***** TASK INPUT

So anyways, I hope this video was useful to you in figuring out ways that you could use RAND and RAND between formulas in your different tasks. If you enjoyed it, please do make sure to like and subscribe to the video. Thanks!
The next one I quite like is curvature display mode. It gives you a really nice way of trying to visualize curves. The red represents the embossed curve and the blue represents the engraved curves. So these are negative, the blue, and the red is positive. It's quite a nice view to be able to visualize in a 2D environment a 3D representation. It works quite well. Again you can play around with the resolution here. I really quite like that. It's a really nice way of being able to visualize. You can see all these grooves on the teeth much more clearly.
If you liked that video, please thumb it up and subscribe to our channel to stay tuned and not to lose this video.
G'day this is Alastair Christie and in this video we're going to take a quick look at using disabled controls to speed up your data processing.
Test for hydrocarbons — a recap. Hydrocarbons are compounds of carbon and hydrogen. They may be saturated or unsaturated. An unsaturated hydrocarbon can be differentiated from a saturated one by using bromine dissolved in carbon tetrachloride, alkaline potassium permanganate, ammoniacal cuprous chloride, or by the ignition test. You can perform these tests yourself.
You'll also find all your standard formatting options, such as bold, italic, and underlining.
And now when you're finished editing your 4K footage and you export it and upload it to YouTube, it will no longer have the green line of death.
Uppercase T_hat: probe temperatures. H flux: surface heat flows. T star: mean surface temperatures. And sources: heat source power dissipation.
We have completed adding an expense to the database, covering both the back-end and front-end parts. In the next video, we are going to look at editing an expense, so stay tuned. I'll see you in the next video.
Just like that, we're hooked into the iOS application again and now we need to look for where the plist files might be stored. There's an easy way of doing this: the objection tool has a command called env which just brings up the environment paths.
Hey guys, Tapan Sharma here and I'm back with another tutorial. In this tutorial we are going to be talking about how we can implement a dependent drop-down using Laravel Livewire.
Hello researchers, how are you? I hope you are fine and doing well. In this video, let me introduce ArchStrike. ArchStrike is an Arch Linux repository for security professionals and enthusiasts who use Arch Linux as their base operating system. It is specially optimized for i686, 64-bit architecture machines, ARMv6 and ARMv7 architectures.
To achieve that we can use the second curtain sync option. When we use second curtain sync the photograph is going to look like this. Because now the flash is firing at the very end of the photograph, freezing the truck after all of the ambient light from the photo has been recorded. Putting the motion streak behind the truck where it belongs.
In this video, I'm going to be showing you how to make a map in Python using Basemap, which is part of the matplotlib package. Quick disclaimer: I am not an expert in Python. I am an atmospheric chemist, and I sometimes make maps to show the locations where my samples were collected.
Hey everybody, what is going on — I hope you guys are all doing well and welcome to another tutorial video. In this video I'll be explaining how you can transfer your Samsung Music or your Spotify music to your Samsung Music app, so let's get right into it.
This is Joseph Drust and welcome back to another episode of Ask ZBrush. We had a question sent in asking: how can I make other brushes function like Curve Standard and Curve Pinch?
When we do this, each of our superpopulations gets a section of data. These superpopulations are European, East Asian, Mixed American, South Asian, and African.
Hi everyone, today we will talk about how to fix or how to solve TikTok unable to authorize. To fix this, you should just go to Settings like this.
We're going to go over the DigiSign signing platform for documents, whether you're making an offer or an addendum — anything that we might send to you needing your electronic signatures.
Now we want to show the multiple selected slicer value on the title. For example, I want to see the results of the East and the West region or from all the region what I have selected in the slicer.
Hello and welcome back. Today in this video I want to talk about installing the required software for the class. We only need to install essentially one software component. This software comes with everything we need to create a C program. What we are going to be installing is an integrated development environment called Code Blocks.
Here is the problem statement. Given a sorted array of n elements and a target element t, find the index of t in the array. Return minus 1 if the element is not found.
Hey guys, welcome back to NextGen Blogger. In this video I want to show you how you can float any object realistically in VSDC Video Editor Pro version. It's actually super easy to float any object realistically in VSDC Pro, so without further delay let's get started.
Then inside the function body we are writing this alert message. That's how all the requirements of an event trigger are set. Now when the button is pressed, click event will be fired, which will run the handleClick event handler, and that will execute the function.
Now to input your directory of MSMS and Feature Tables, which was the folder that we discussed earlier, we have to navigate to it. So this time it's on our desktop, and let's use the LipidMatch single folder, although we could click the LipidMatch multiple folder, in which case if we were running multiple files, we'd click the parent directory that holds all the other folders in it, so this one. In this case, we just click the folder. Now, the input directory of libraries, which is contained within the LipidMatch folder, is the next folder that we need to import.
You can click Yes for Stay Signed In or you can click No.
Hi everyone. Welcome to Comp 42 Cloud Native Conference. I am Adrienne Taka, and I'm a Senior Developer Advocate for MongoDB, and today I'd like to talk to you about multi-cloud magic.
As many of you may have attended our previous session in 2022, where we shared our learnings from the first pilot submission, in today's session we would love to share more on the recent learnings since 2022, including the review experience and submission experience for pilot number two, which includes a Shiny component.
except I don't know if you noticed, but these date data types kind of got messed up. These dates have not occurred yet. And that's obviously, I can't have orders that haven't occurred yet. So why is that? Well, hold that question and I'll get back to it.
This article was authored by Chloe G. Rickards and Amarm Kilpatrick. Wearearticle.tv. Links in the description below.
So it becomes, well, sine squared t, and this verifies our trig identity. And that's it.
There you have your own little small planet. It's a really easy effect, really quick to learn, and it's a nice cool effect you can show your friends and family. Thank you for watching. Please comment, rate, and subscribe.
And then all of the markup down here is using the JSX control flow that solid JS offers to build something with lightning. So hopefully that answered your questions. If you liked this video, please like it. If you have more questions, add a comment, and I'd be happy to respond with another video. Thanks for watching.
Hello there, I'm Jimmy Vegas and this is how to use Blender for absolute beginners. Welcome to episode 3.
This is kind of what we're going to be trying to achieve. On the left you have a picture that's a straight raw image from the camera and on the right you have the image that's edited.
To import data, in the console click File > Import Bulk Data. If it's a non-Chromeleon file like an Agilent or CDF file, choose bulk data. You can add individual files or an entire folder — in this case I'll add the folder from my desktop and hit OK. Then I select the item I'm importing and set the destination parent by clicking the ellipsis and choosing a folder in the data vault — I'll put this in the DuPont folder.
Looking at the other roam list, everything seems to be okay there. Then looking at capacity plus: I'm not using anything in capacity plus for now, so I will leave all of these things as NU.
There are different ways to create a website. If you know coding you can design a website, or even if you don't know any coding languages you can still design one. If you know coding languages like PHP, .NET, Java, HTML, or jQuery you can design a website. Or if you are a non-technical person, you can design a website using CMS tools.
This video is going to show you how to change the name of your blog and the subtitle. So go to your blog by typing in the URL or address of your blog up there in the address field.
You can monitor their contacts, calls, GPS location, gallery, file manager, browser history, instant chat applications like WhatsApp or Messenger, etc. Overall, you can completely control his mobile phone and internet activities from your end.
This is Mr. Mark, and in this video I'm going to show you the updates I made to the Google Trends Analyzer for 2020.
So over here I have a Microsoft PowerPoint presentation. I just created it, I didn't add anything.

**********

EXERCISE AIM: Among the entries, how many lines contain the string "editing"? Give the number without anything else.

ANSWER TO THIS EXERCISE: 2